Stored data:

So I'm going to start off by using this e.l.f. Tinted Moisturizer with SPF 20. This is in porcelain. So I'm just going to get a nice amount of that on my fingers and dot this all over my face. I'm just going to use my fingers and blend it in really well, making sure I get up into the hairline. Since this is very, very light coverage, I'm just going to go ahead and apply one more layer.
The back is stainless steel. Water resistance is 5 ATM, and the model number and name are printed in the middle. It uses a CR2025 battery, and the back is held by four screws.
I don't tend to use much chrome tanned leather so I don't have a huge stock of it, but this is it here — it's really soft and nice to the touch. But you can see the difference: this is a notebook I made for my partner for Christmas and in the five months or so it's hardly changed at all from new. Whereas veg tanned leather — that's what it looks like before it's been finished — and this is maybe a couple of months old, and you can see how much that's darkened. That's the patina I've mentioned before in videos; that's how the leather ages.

...

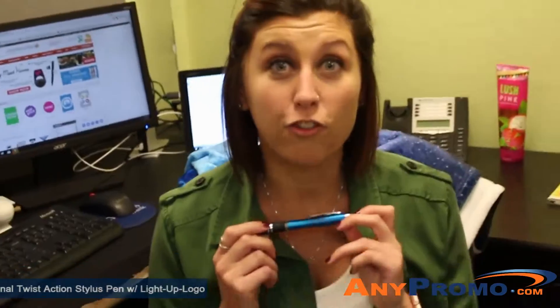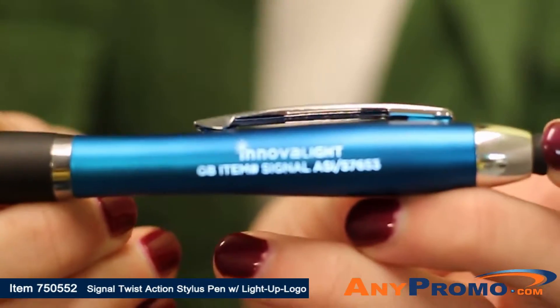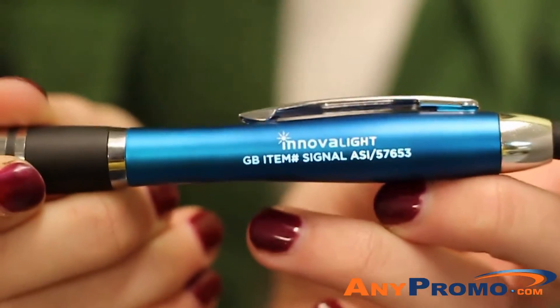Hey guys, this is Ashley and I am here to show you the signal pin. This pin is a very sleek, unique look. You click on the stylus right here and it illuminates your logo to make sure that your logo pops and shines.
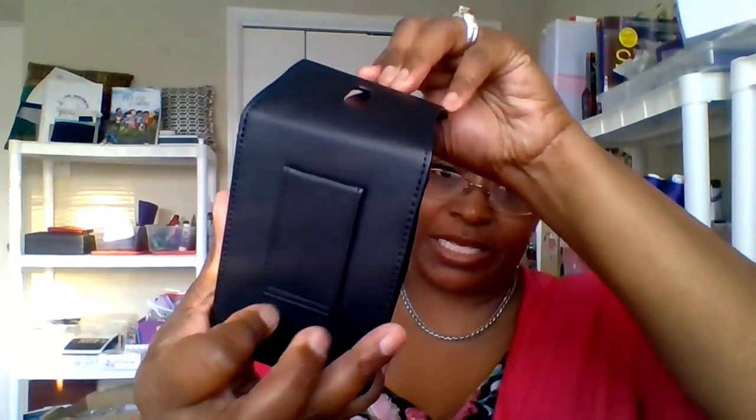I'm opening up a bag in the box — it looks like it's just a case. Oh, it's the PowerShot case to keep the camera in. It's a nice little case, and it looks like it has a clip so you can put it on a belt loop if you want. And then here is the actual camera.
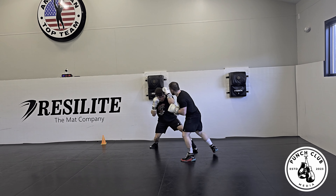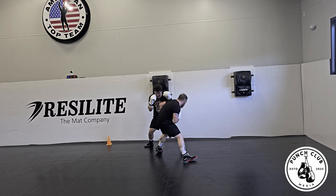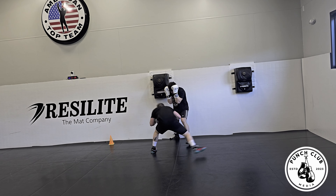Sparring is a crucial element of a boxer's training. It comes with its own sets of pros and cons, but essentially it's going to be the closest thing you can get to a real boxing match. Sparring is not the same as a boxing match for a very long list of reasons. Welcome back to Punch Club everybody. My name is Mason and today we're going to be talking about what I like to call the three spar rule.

Your assignment:
Everything above from the line containing "So I'm going" down to the line containing "The back is stainless" is to be transcribed exactly, with both of those lines included and nothing else added.

Task output:
So I'm going to start off by using this e.l.f. Tinted Moisturizer with SPF 20. This is in porcelain. So I'm just going to get a nice amount of that on my fingers and dot this all over my face. I'm just going to use my fingers and blend it in really well, making sure I get up into the hairline. Since this is very, very light coverage, I'm just going to go ahead and apply one more layer.
The back is stainless steel. Water resistance is 5 ATM, and the model number and name are printed in the middle. It uses a CR2025 battery, and the back is held by four screws.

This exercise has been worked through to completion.